-- Exercise aim --
Could you give the listing again exactly, without its pictures?

-- Available data --
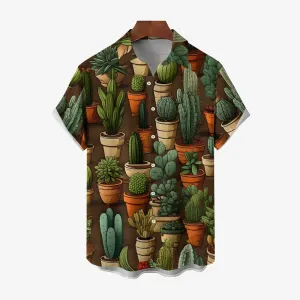 Men's Cactus Pot Print Casual Short Sleeve Shirt 2403000904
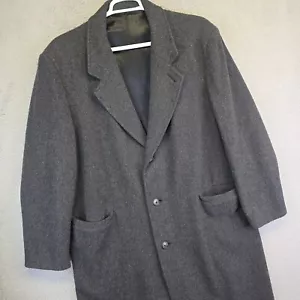 London Fog Trench Pea Coat Mens 44R Gray Wool Long Overcoat Preppy Business VTG - Picture 1 of 19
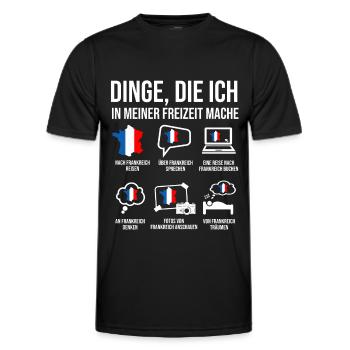 Frankreich Heimatland Spruch Franzose - Männer Funktions-T-Shirt - Schwarz - Vorne - AI Model Male 178 dark (178cm)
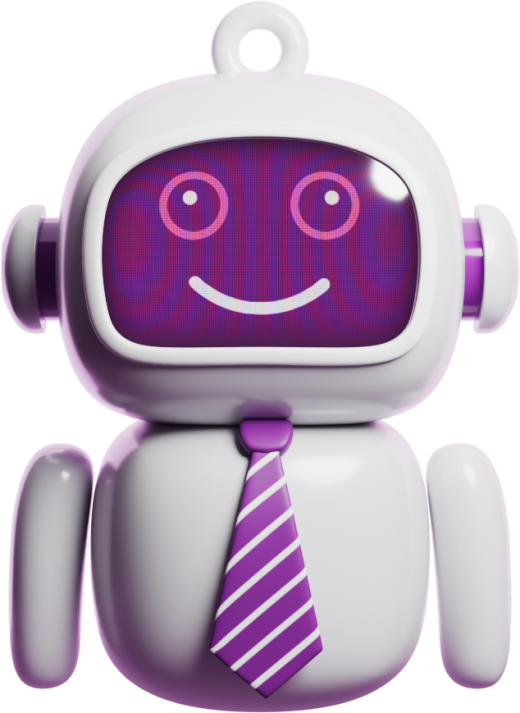 Arty, the aicm assistant robot, smiling and wearing a purple striped tie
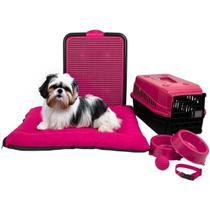 Kit Pet Pequeno Cama Futon Sanitário Transporte Acessórios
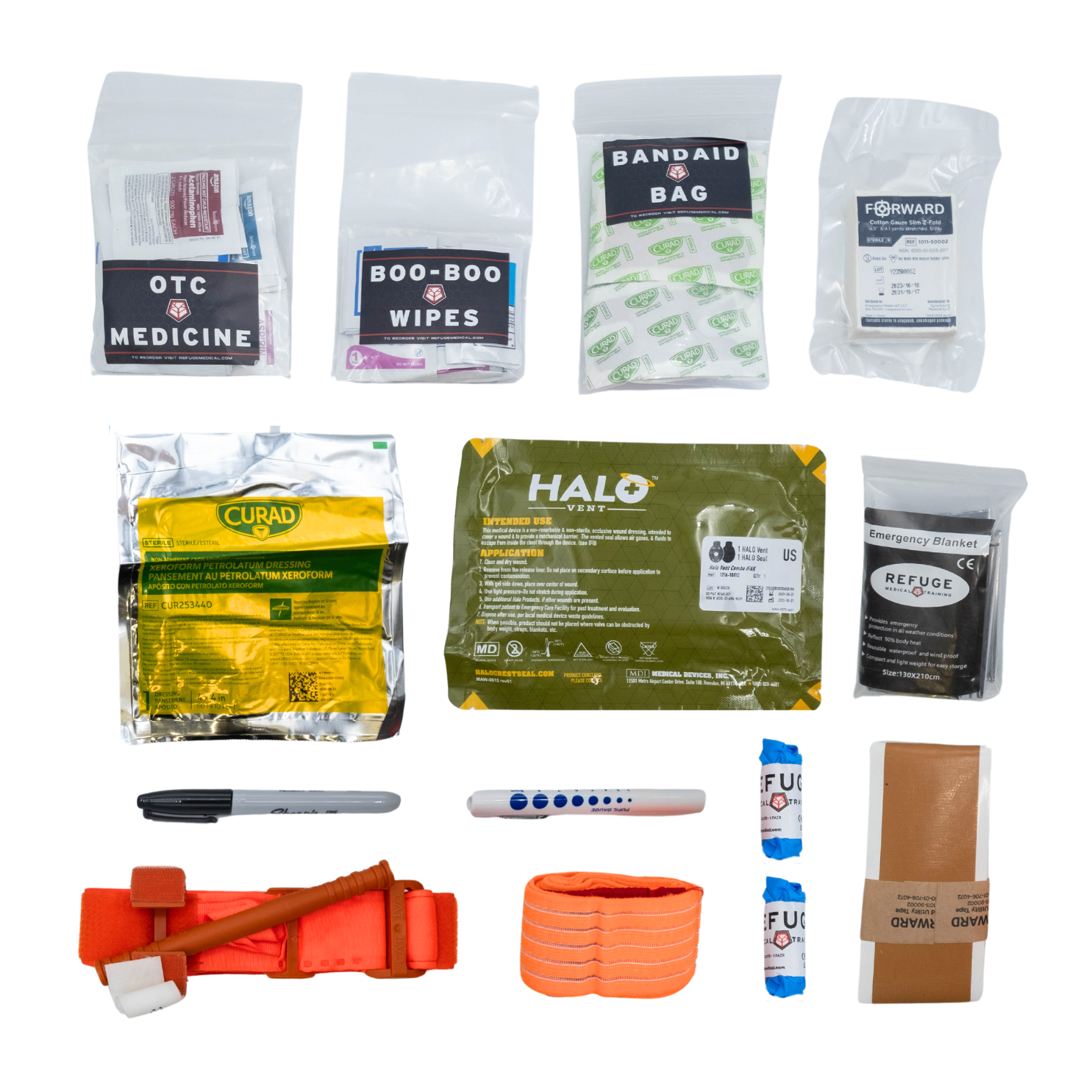 Refuge MedicalTravel FAK First Aid Kit - Components included in the Travel FAK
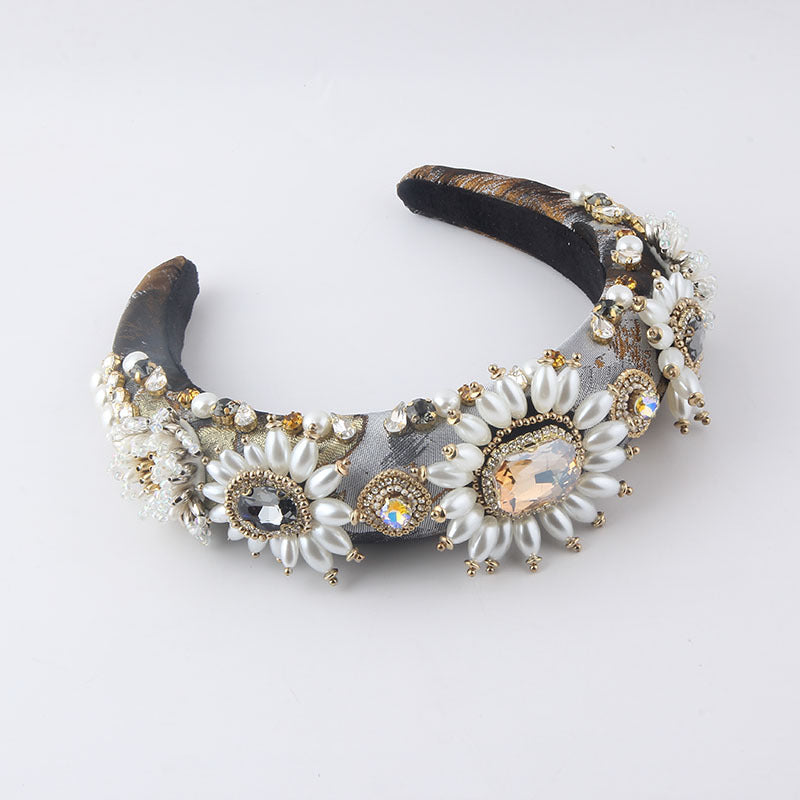 Baroque Pearl & Rhinestone Headband 🌟💎 – Luxury Fashion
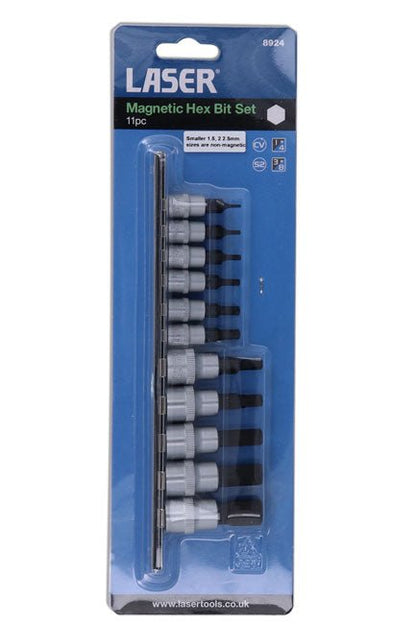 Laser Tools 8924 Magnetic Hex Bit Set 11pc Laser Tools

-- Answer space --
 Men's Cactus Pot Print Casual Short Sleeve Shirt 2403000904
 London Fog Trench Pea Coat Mens 44R Gray Wool Long Overcoat Preppy Business VTG - Picture 1 of 19
 Frankreich Heimatland Spruch Franzose - Männer Funktions-T-Shirt - Schwarz - Vorne - AI Model Male 178 dark (178cm)
 Arty, the aicm assistant robot, smiling and wearing a purple striped tie
 Kit Pet Pequeno Cama Futon Sanitário Transporte Acessórios
 Refuge MedicalTravel FAK First Aid Kit - Components included in the Travel FAK
 Baroque Pearl & Rhinestone Headband 🌟💎 – Luxury Fashion
 Laser Tools 8924 Magnetic Hex Bit Set 11pc Laser Tools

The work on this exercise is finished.